The show opens with young Mr. Sloane agreeing to rent a room from Kath, played by Rae Mancini as a middle-aged, toothless Lolita, a filter-less chatterbox who has taken a keen – and very sexual — interest in her attractive new lodger. While “Mister” Sloane is all of 17 years old, he is cunning and manipulative, soon peppering the conversation with intimate questions about Kath’s personal life and family.
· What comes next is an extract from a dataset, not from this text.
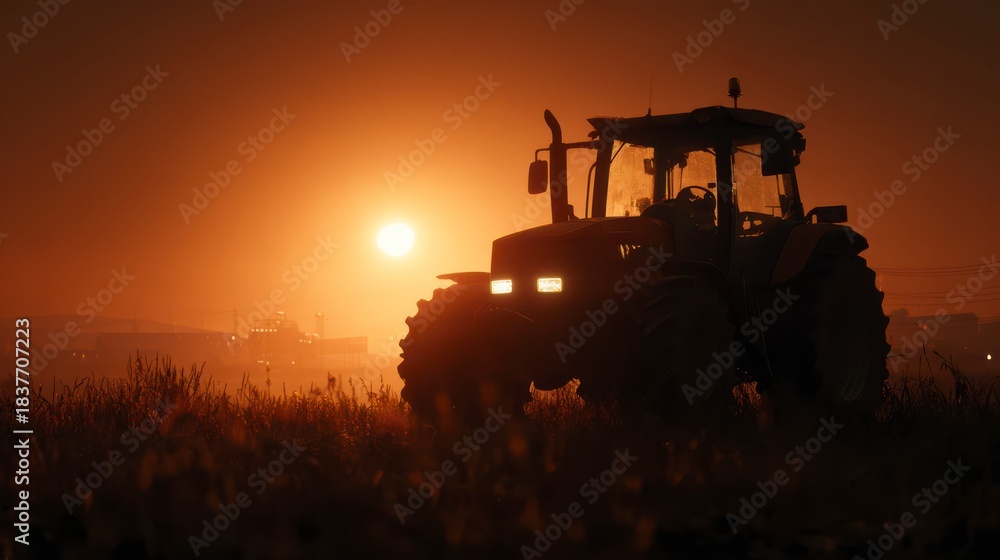 Obraz premium Silhouette of a Tractor in a Field at Sunset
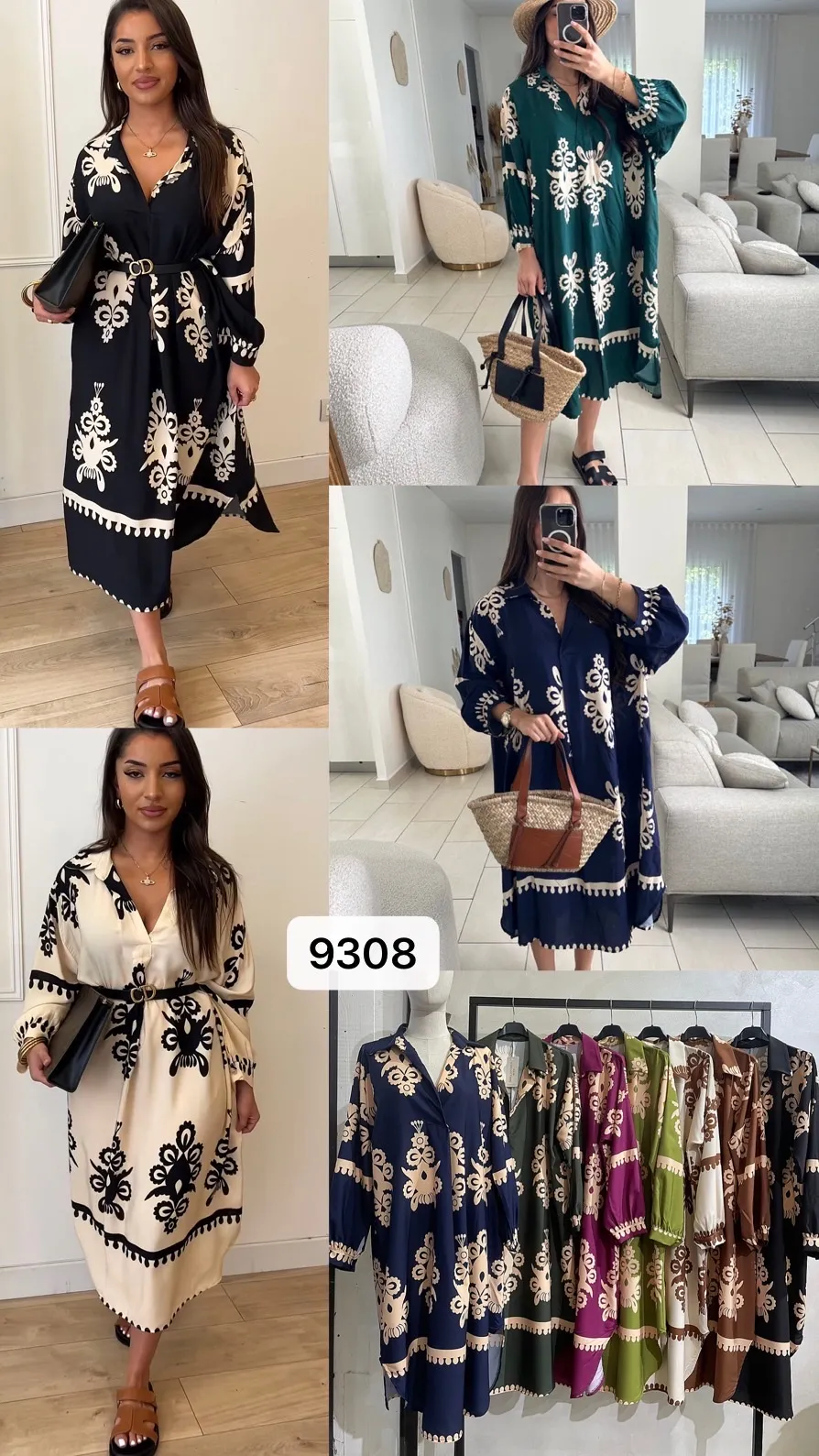 Šaty volnočasové letní s páskem dlouhý rukáv dámské (S/M/L ONE SIZE) ITALSKÁ MÓDA IMPOC259308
She is quick to divulge many a dark secret, including an illegitimate child she was forced to give away and how she lost her first love, the baby’s father.

Mancini is a chameleon of an actress and in Kath she has created a gravely voiced, crude force of nature made up of equal parts Shelley Winters at her sexiest and Angela Lansbury at her most conniving. As written by Orton, the role demands equal parts pathos and vaudeville and Mancini delivers on both counts.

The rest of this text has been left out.